Emergency contacts: I have emergency contacts for veterinarians and people who can help on hand and displayed. I have all horses’ veterinary records and ownership details accessible.

Emergency equipment: I have good tools and equipment ready to assist me and others helping me with emergency conditions i.e., trees down, broken fences, poor light or absent electricity, rubble or other hazards

·        Chain saw/ hand saws and fuel

·        Fencing materials, nails, hammer, other tools, safety gloves

·        Torches/ head lamps and spare batteries

·        Knife, heavy duty tape, baling twine, zip ties, shovel

Complete an Emergency Plan

In an emergency, being well prepared is essential.

·        Complete the HRNZ Emergency Management Plan Here and keep it updated annually

·        Consider all scenarios regularly and think of your responses, be familiar with each plan and how that might impact your decisions during an emergency scenario.

·        Call for help early



Useful contacts

Fire and Emergency Service – Dial 111

Police – Dial 111

Harness Racing NZ – 03 964-1200

For general advice and assistance, contact your local Civil Defence Centre.

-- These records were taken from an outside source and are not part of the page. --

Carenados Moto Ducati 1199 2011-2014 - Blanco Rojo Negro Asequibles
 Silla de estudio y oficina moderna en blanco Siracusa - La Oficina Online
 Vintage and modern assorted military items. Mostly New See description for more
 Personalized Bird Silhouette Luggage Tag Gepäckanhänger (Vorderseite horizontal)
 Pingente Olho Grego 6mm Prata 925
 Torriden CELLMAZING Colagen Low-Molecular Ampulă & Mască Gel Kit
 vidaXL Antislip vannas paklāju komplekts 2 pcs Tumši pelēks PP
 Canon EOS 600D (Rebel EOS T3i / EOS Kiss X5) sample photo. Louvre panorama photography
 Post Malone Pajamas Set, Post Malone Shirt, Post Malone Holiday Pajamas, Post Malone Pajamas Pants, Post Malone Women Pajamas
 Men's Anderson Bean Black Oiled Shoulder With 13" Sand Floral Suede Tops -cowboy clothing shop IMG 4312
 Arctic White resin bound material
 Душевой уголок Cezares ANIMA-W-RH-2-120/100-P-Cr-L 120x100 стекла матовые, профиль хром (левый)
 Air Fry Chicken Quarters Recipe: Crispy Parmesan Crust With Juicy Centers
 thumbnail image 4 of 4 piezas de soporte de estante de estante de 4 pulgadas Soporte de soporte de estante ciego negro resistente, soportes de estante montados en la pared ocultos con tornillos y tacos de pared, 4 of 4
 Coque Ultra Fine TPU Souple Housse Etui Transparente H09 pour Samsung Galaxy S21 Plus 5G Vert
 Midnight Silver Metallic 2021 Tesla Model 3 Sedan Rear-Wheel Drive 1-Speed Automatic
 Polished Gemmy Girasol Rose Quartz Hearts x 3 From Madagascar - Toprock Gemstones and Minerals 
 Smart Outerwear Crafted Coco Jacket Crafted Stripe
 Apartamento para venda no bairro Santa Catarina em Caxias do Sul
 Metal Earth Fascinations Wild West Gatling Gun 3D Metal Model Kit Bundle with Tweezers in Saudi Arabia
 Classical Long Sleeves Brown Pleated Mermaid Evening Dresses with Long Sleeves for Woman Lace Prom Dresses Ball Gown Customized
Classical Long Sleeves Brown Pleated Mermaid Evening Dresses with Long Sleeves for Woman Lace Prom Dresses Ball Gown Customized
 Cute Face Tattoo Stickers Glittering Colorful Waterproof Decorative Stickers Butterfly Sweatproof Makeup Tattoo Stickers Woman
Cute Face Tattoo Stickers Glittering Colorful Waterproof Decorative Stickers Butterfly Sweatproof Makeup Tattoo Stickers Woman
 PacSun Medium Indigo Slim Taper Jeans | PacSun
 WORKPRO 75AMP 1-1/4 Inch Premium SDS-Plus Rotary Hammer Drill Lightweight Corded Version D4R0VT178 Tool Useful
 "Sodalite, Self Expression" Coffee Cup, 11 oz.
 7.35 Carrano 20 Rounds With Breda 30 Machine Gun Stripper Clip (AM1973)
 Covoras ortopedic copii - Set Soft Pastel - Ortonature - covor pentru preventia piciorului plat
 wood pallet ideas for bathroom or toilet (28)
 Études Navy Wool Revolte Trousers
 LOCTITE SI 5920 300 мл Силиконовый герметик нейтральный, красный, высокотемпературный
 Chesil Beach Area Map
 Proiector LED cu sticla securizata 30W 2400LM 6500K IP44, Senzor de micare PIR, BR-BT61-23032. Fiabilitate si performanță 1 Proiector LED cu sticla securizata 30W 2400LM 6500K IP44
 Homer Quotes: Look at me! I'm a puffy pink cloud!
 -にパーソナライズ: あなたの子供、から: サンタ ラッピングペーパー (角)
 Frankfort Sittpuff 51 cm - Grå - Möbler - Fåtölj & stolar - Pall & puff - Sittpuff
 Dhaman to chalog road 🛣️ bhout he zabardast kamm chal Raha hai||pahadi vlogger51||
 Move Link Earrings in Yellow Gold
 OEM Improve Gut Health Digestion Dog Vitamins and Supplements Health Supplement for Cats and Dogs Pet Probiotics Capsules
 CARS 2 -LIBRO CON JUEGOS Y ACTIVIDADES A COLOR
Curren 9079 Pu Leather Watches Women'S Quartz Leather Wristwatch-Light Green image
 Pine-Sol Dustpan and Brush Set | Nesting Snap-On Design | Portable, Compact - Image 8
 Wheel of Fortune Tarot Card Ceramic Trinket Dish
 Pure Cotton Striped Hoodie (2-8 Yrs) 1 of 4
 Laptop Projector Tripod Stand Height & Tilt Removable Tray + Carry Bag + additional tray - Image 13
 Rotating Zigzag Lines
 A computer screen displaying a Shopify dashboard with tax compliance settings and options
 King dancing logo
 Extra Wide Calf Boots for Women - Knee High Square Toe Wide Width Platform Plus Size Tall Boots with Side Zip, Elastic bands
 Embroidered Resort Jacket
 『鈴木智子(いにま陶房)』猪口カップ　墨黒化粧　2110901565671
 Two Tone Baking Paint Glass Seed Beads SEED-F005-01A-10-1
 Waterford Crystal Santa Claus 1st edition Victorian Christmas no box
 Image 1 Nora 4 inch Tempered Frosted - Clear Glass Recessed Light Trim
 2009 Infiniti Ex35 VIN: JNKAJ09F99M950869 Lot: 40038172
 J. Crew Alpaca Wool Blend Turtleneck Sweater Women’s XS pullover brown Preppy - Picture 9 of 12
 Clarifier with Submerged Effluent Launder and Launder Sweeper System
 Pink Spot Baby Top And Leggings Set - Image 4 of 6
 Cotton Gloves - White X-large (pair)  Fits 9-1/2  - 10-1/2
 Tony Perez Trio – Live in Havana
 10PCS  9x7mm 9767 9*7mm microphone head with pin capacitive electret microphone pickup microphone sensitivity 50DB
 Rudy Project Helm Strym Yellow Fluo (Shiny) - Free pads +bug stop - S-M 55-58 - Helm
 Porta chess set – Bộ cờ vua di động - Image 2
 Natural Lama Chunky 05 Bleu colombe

Ministry of Civil Defence and Emergency Management (CDEM) – www.civildefence.govt.nz

Local CDEM – http://www.civildefence.govt.nz/find-your-civil-defence-group

For general information about road access and telecommunications, contact your local Council’s

civil defence team.


For animal welfare advice or assistance contact Ministry for Primary Industries (Animal Welfare)

Phone 0800 00 83 33.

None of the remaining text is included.